Entering edit mode
6.0 years ago
ahmad mousavi
▴
800
Hi
I have done Bacterial genome sequencing using Illumina Hiseq PE *150b , my library contains 600k reads, But after assembling with spades ( Kmer = -k 21,33,55,77,99,111,127) the result is too bad. I have got ~3400 contigs. I have no ref. genome for my bacteria now, we only know its family. My GC content = ~70%
What is your suggestion for decreasing number of contigs? Is there any other options better than Spades for bacteria genome assembly?
Thanks
Not a bioinformatics solution, but your assembly could greatly improve by adding some long read sequencing data from Oxford Nanopore or PacBio, of which the former (MinION) can be reasonably cheap to obtain.
A GC content that high probably also means its repetitive. It’s likely to be a sequencing nightmare. Your only options are to sequence deeper, and use other technologies as Wouter said.
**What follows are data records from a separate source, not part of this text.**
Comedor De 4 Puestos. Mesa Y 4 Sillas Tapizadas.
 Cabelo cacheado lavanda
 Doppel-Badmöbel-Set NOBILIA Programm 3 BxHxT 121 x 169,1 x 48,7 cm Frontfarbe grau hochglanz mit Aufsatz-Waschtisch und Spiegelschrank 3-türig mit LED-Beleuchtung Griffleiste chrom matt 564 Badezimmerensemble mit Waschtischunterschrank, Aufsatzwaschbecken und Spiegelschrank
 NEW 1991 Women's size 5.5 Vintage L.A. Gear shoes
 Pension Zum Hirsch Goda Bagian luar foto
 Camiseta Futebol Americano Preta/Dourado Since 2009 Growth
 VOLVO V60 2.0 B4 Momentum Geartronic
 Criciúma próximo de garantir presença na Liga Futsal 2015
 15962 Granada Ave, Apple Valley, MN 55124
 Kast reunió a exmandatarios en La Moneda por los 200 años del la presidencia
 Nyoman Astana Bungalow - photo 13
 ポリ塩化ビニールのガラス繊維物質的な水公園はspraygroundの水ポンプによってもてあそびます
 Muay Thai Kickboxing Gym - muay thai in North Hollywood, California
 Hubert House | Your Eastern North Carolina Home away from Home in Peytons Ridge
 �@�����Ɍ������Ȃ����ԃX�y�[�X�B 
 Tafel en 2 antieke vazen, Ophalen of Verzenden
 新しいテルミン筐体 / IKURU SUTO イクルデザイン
we all agree with Wouter :), but would a high GC not indicate less repetitive? TE (transpsoson?) are usually rather high in AT, so that would lower the overal GC, no?
I was more thinking of consecutive repeats (e.g. GCGCGCGCGCG), rather than IS etc, which would fail to be picked up properly by the sequencer.
Nevertheless, there are other issues with high GC - the increased strand separation energy might be an issue for library preps and the actual sequencing reaction.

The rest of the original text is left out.